Mindful Making

Mindful Making

I’ve been torn with making prints. It fits into the very systems of production and consumption which is driving climate change and ultimately systems collapse. So how do I square that circle against the need to make money? It’s a dilemma I’ve been wrestling with, feeding the very system I’ve been questioning, the system that ultimately is driving our climate crisis.  

What is the purpose of the photograph? This is something I contemplated before I even began down the current road of considered consumption but what is the purpose of these prints? Essentially, they are aesthetic. To be looked at for their own sake. They can be meditative, calming, an ode to the sea but they can mean different things to different people. Some have an affinity to a sense of place. That’s our bench is a comment people often relate, evoking memories of loved ones lost. And when we’re not in the sea, we can self-impose ourselves into and onto a position to ride the waves we see before us. These images have value outside of the money I can make which we, as a family need and this offsets my dilemma of adding to a system of production and consumption. I can also make better choices on paper, packaging, inks, energy, and the like and this marks my way forward in working towards what Meadows and her colleagues termed the state of equilibrium (1).

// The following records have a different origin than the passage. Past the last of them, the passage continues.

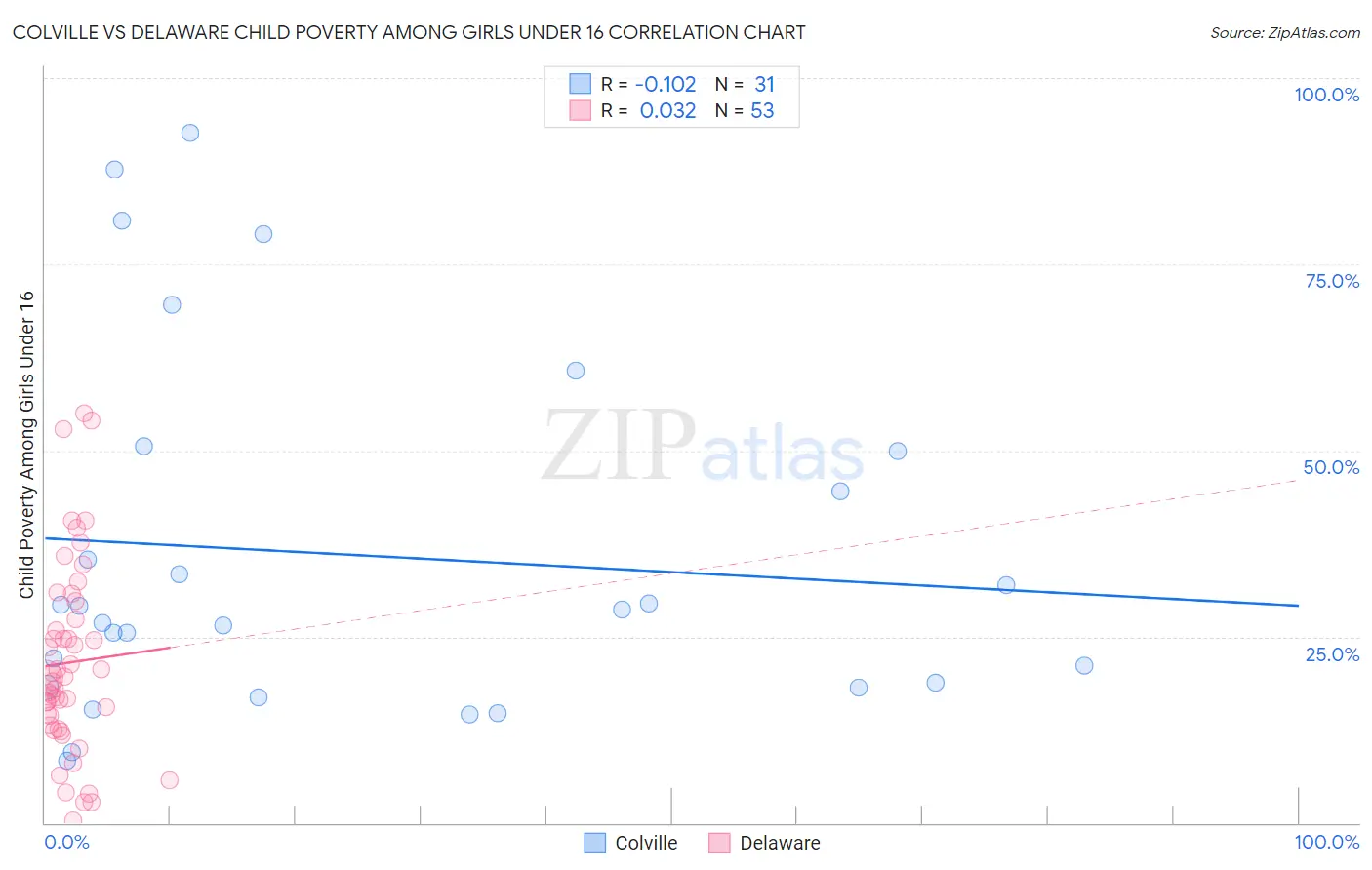 Colville vs Delaware Child Poverty Among Girls Under 16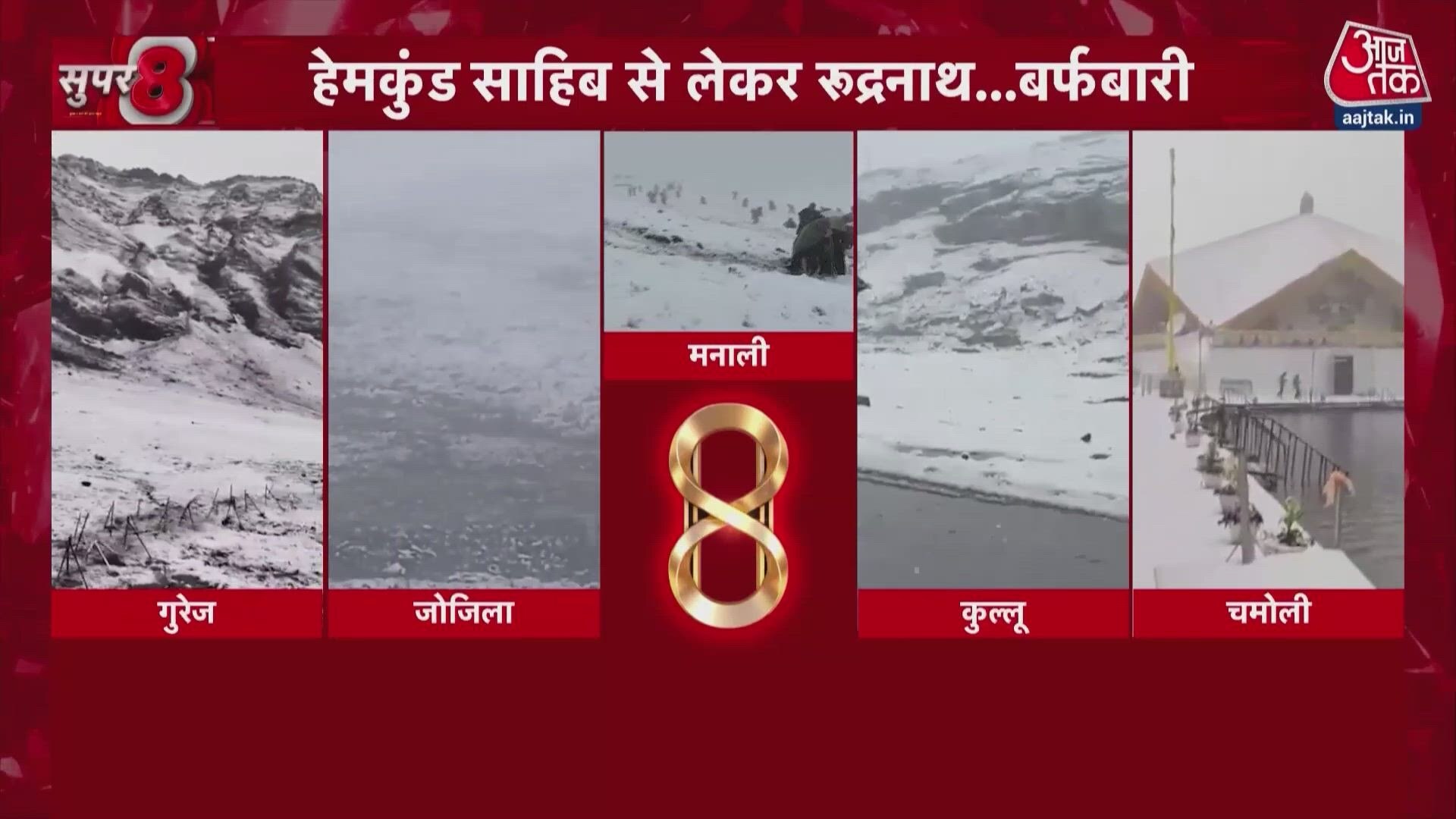 Early snowfall blankets mountains of Himachal, Uttarakhand, and Jammu Kashmir.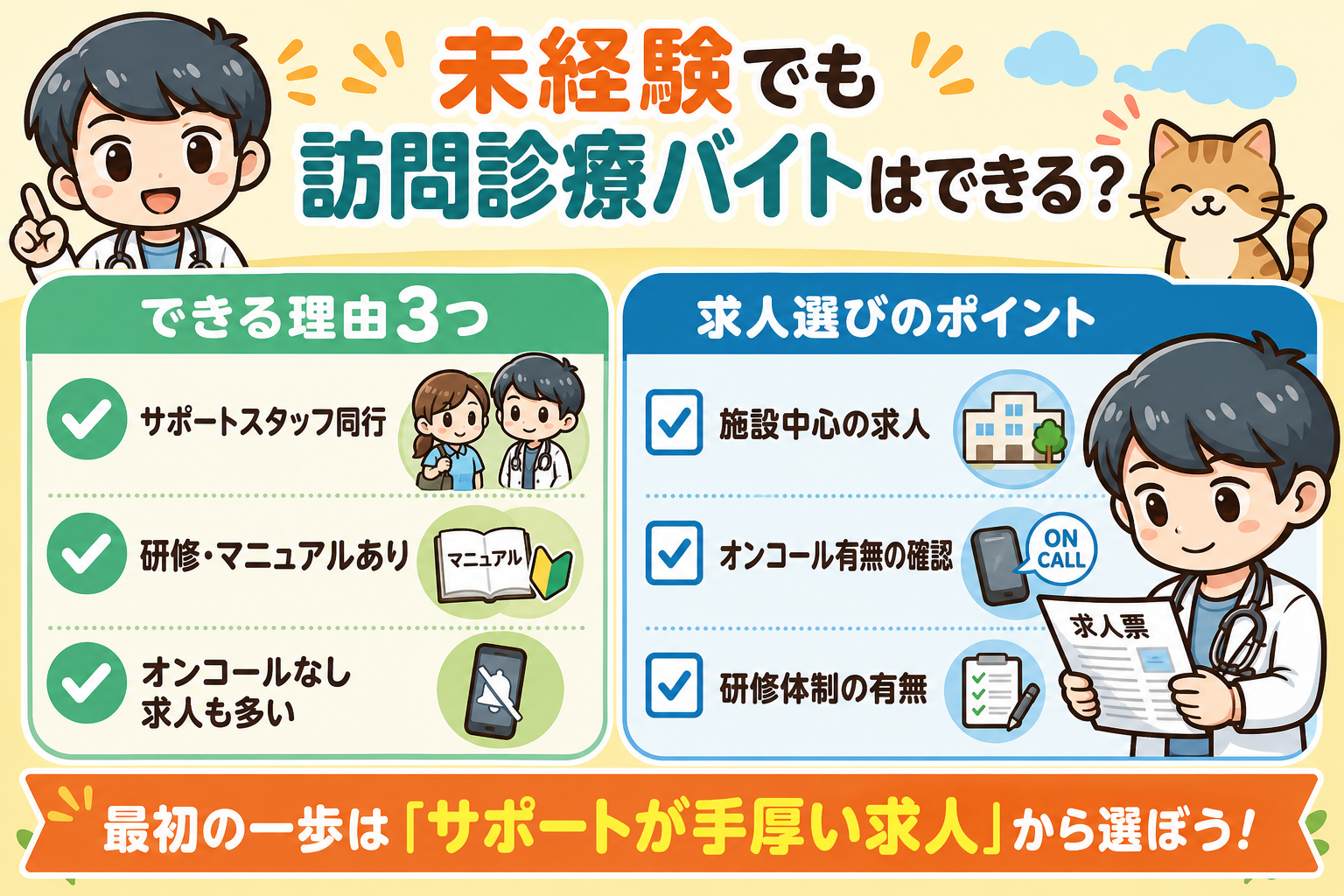 セクション3イメージ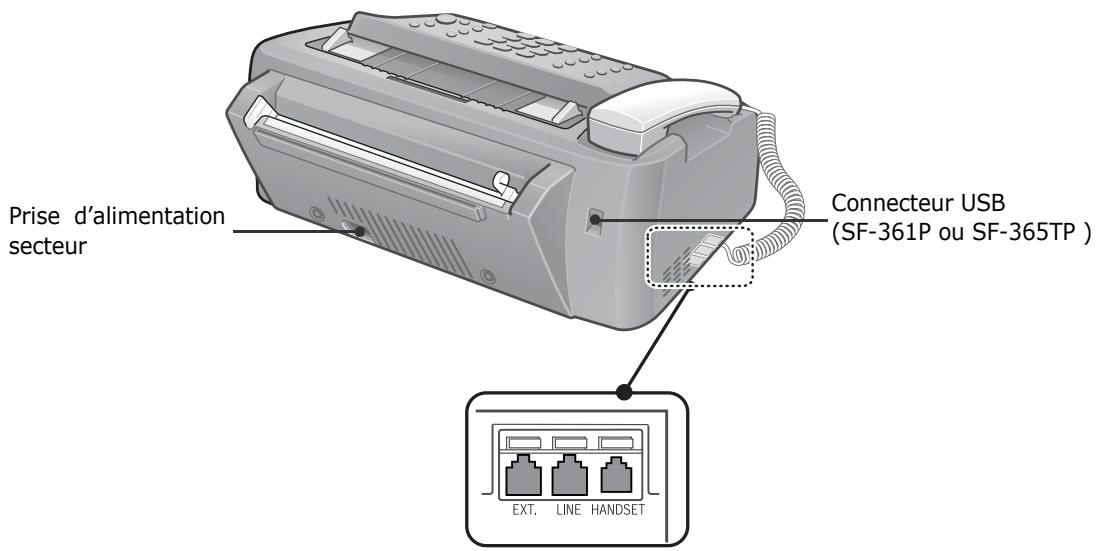 SAMSUNG SF-360 - Fonctions propres au modèle sf-365tp uniquement - 2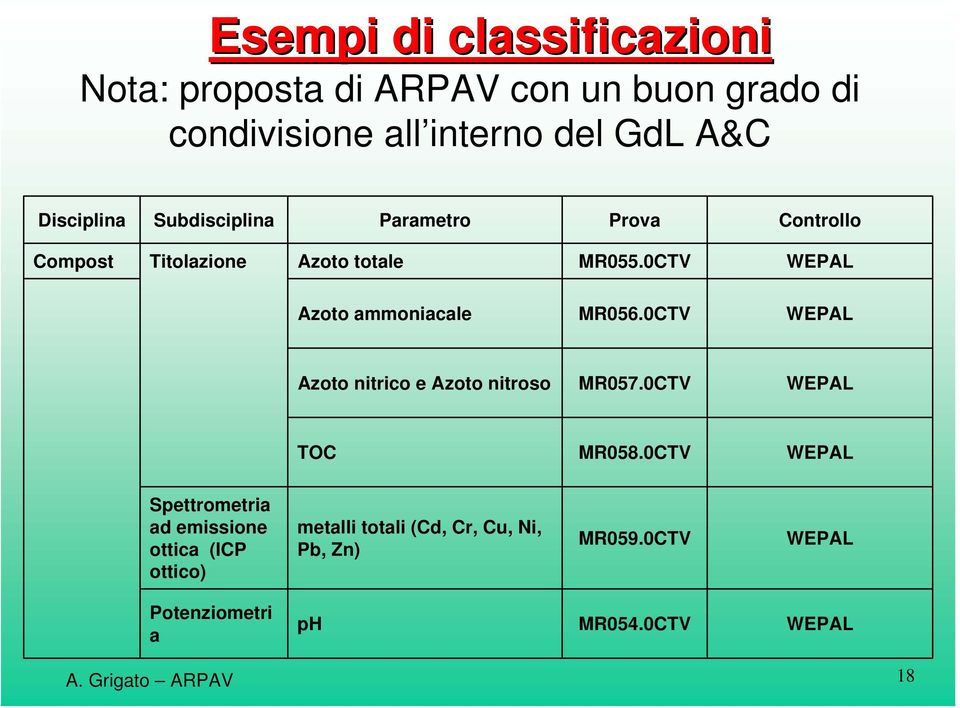 0CTV WEPAL Azoto ammoniacale MR056.0CTV WEPAL Azoto nitrico e Azoto nitroso MR057.0CTV WEPAL TOC MR058.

It's a perspective which aligns more with green growth rather than degrowth because ultimately, as claimed it is the latter which will work towards combating the climate crisis, as the former still relies on resources and relations of control and extraction but what does degrowth mean? For me, make less against a backdrop of making hardly anything at all? That still leaves the constraints on income and contextualised to where I live, my impact is relatively insignificant but that doesn’t mean I shouldn’t reflect on mindful making.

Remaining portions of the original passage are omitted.